If the sentence calls for an increase, more is acceptable for both countable and uncountable elements. As an example, you can say that you want more water in your cup, or you can say that you want more bottles of water. Other synonyms exist as well, of course, but the delineation is much cleaner for decreases than for increases, so that structure appears more often on the GMAT. If the item in question is in abundance, similar words will also be used. You can say that there is much water, but you can’t say that there is many water. Much and many follow these same countable/uncountable rules.

The difference between items that are countable or uncountable is not unique to the GMAT, these rules apply to everyday language, they are simply enforced more rigorously on this test. Failure to choose the proper word in a Sentence Correction problem will result in an incorrect answer choice.

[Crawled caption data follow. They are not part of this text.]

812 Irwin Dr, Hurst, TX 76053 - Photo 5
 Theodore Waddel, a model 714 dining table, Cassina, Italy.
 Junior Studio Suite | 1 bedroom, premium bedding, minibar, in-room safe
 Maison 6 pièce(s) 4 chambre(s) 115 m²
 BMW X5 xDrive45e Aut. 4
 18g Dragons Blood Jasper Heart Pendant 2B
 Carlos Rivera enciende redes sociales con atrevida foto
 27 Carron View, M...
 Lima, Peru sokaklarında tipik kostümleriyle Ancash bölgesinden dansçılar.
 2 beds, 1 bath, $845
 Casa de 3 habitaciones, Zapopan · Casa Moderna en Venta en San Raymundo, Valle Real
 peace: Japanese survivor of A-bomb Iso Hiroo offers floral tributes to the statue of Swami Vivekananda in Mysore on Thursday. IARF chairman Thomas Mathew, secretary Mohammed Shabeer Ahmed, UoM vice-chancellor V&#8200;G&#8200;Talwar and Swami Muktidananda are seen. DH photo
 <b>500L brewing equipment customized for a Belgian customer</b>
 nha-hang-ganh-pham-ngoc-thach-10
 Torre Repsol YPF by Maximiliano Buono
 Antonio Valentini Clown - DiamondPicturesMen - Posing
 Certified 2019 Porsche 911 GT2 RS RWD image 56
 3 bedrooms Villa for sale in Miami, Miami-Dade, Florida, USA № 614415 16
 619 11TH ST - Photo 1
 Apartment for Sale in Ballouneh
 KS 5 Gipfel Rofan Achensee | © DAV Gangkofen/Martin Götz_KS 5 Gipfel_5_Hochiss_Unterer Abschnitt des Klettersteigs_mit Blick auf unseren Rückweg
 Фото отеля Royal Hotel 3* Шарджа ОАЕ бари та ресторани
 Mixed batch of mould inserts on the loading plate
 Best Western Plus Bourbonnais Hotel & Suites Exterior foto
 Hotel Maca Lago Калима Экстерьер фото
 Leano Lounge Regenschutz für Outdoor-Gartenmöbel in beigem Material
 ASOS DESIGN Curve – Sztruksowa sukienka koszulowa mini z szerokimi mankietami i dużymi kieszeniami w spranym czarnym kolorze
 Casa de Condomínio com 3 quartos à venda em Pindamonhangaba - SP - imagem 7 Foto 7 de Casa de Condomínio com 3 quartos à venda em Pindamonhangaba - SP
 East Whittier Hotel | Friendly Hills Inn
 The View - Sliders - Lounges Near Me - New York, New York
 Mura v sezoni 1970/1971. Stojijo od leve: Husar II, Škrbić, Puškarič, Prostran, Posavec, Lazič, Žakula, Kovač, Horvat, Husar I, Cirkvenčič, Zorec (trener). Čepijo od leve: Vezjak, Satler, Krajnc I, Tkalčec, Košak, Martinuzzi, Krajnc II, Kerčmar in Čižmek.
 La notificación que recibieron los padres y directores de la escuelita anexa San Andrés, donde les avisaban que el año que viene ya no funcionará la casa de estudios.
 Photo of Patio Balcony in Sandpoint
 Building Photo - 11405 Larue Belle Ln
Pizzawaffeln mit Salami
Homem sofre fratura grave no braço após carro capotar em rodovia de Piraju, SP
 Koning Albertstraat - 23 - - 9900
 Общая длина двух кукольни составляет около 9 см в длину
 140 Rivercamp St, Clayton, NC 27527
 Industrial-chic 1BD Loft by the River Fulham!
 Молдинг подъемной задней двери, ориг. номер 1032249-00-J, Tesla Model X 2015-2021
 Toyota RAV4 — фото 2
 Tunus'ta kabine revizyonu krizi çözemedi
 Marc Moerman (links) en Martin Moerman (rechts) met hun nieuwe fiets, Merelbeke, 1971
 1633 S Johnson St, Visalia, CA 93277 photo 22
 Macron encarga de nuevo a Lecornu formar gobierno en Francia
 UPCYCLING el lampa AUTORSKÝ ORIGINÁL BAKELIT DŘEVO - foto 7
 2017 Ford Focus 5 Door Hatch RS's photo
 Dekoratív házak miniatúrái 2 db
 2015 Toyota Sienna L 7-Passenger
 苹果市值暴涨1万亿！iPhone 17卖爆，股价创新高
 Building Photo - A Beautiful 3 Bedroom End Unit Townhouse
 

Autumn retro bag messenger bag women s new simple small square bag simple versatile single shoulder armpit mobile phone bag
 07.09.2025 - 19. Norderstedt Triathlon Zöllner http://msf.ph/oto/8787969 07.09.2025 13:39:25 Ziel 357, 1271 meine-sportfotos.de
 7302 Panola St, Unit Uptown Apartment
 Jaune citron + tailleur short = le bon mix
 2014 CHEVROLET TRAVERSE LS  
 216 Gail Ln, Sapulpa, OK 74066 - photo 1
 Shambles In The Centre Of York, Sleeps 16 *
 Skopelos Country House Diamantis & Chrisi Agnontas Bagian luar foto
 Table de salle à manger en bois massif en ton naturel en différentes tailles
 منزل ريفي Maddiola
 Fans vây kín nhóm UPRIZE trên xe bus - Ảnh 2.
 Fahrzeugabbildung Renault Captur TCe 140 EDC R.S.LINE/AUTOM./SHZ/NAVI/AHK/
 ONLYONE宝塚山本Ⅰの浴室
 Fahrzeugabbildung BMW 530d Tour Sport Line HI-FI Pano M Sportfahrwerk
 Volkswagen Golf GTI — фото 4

As such, it behooves us to be aware of the grammatical difference between countable and uncountable elements, as it regularly comes up on the GMAT.

Let’s look at an example to illustrate the point:

*The controversial restructuring plan for the county school district, if approved by the governor, would result in 20% fewer teachers and 10% less classroom contact-time throughout schools in the county. *

*A) **in 20% fewer teachers and 10% less *

*B) **in 20% fewer teachers and 10% fewer *

*C) **in 20% less teachers and 10% less *

*D) **with 20% fewer teachers and 10% fewer *

*E) **with 20% less teachers and 10% less*

Looking at the answer choices, it becomes fairly clear that the correct answer will hinge primarily on the difference between “fewer” and “less”. If we recall the rules for countable vs. uncountable, anything that we can count must use the adjective “fewer”, while anything that is not countable must use the adjective “less”.

For this example, the first reduction is in the number of teachers. Teachers are human beings (often handsome ones!), and are therefore countable. You can want to spend less time with a specific teacher, but you cannot (correctly) say that you want the school to have less teachers. The request must be for fewer teachers. This already eliminates answer choices C and E because they use the incorrect term.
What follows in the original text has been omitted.